Extracted material:
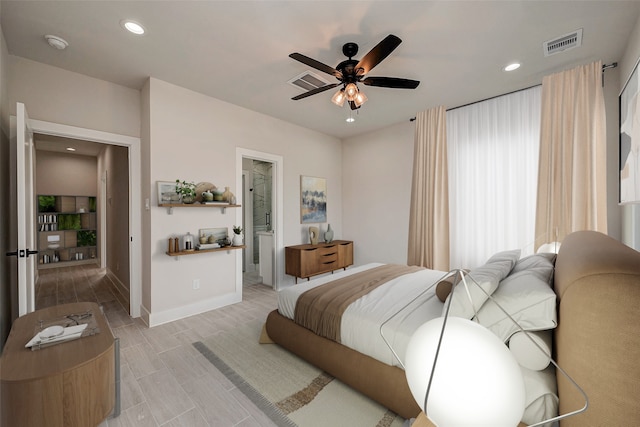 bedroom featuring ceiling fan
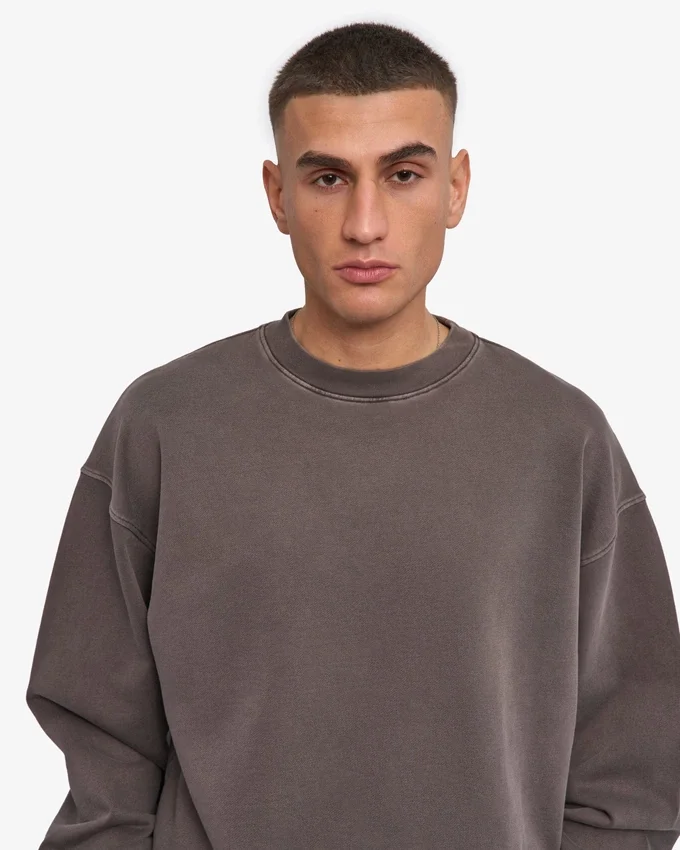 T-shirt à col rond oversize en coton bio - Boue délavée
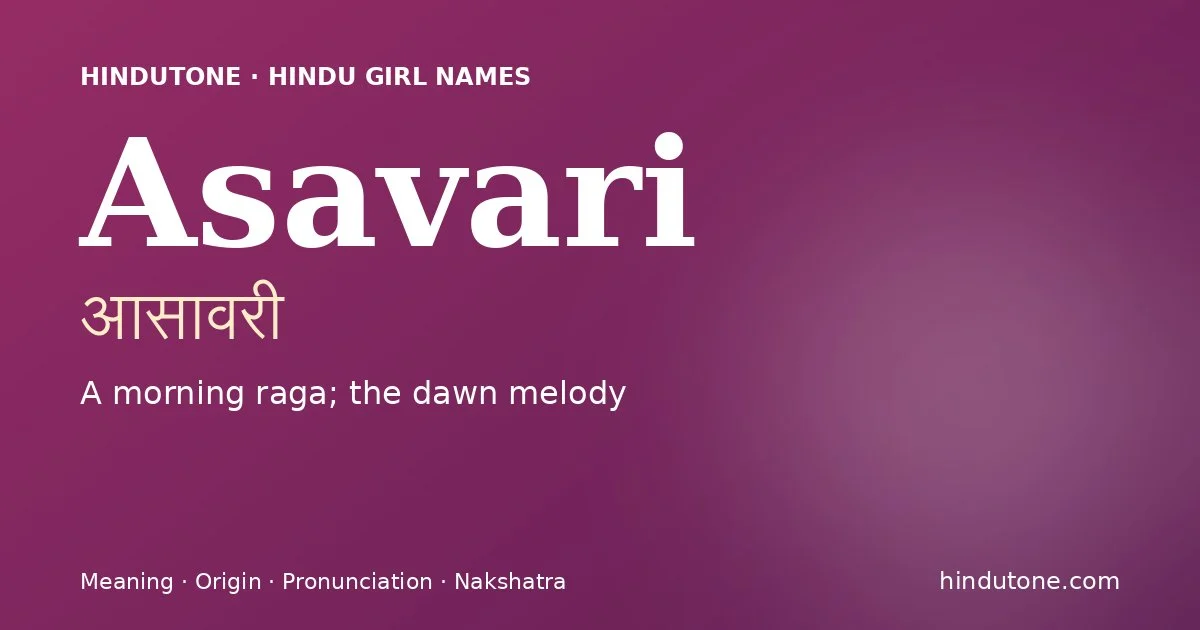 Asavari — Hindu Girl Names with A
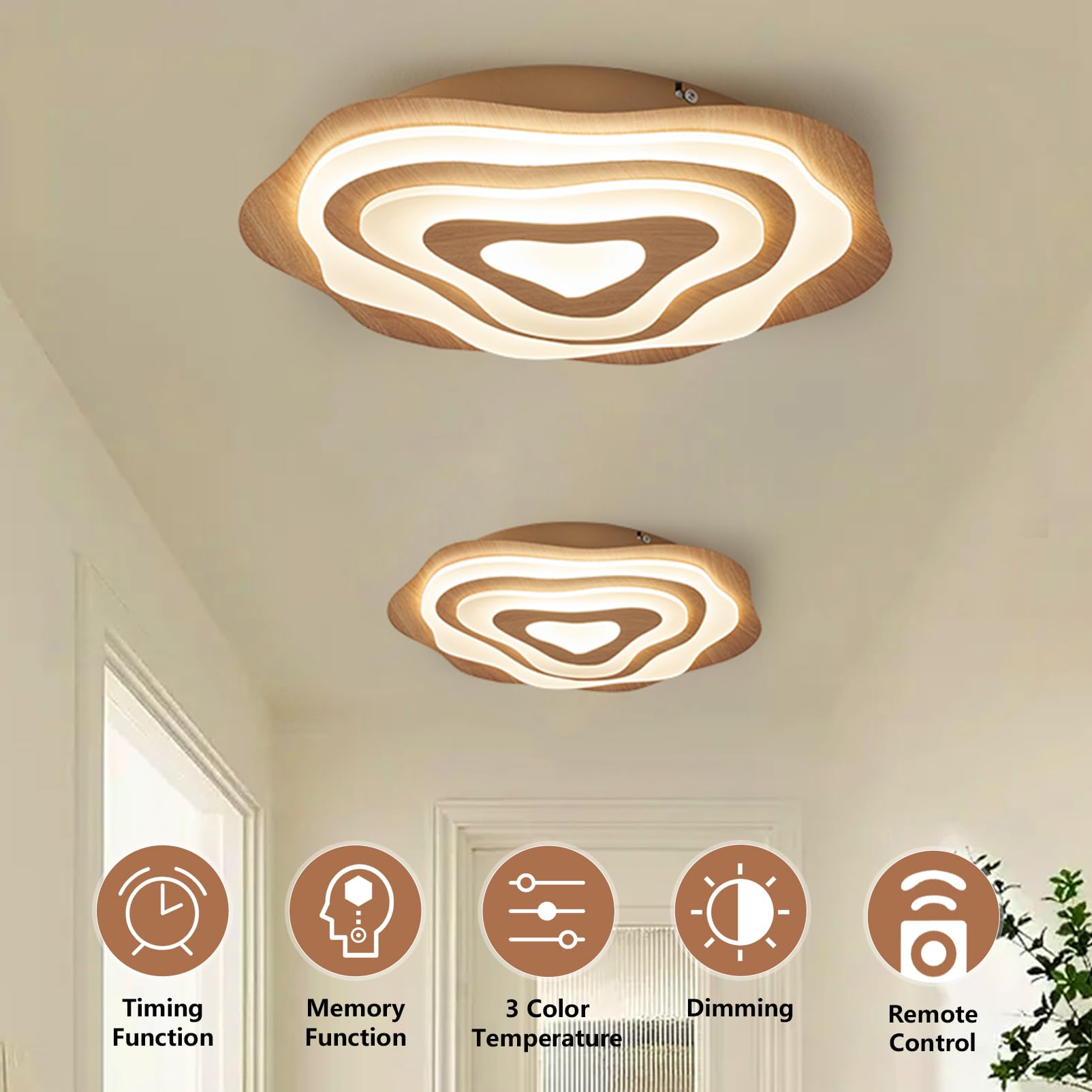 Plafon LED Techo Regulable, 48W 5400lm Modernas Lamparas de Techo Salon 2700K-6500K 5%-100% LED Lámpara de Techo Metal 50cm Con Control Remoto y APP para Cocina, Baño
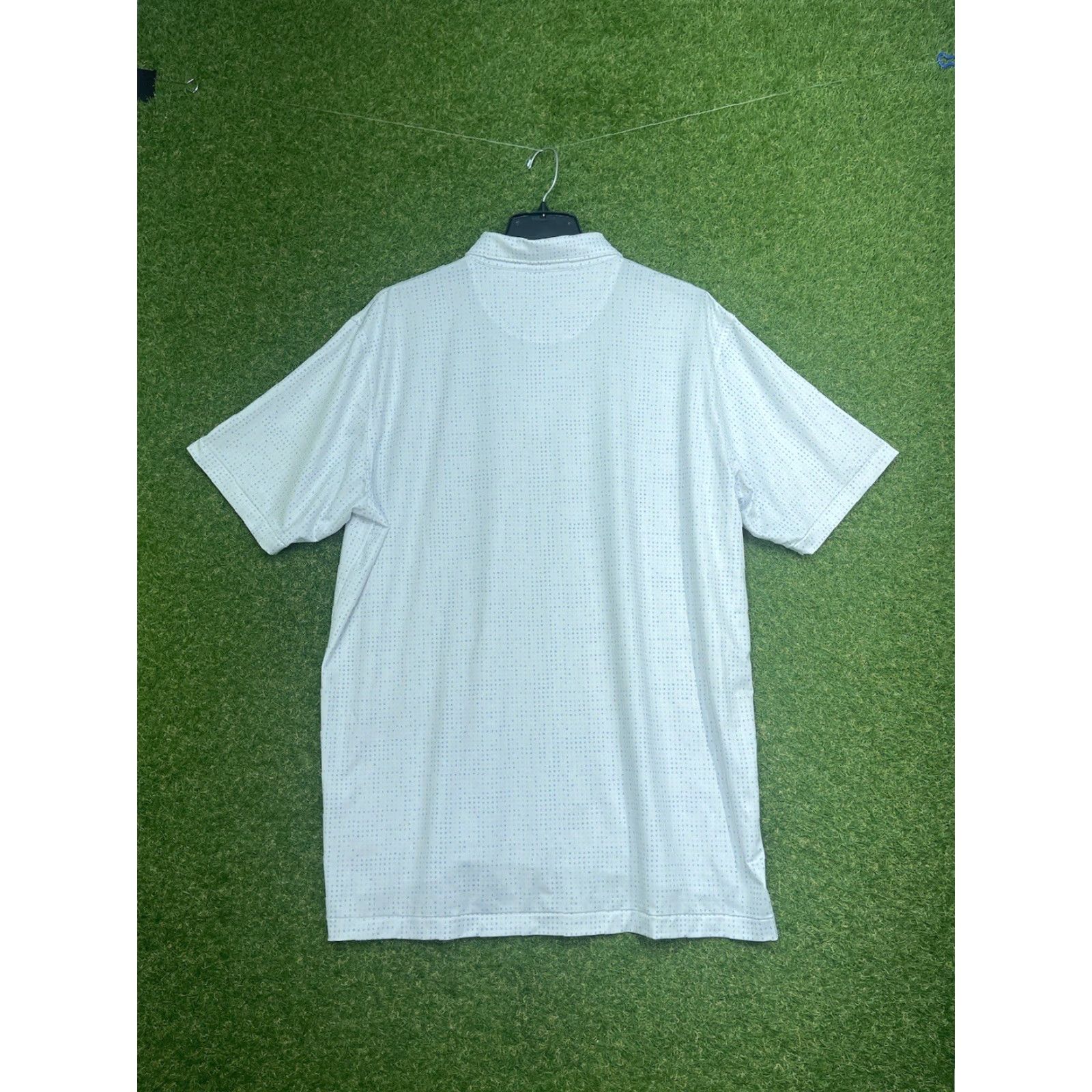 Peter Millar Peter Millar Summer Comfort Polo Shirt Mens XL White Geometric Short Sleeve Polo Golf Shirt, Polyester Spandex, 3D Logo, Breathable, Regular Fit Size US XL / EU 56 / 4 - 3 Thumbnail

---

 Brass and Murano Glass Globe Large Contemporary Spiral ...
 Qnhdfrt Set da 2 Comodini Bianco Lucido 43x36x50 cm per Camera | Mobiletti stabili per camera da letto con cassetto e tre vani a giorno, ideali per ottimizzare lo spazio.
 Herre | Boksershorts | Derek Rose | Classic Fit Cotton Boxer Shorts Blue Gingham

What the exercise asks: Using the records above, return verbatim only the part that opens with the line containing "Asavari — Hindu Girl Names with A" and closes with the line containing "Peter Millar Peter"; pictures stay out.

Reply to the exercise:
 Asavari — Hindu Girl Names with A
 Plafon LED Techo Regulable, 48W 5400lm Modernas Lamparas de Techo Salon 2700K-6500K 5%-100% LED Lámpara de Techo Metal 50cm Con Control Remoto y APP para Cocina, Baño
 Peter Millar Peter Millar Summer Comfort Polo Shirt Mens XL White Geometric Short Sleeve Polo Golf Shirt, Polyester Spandex, 3D Logo, Breathable, Regular Fit Size US XL / EU 56 / 4 - 3 Thumbnail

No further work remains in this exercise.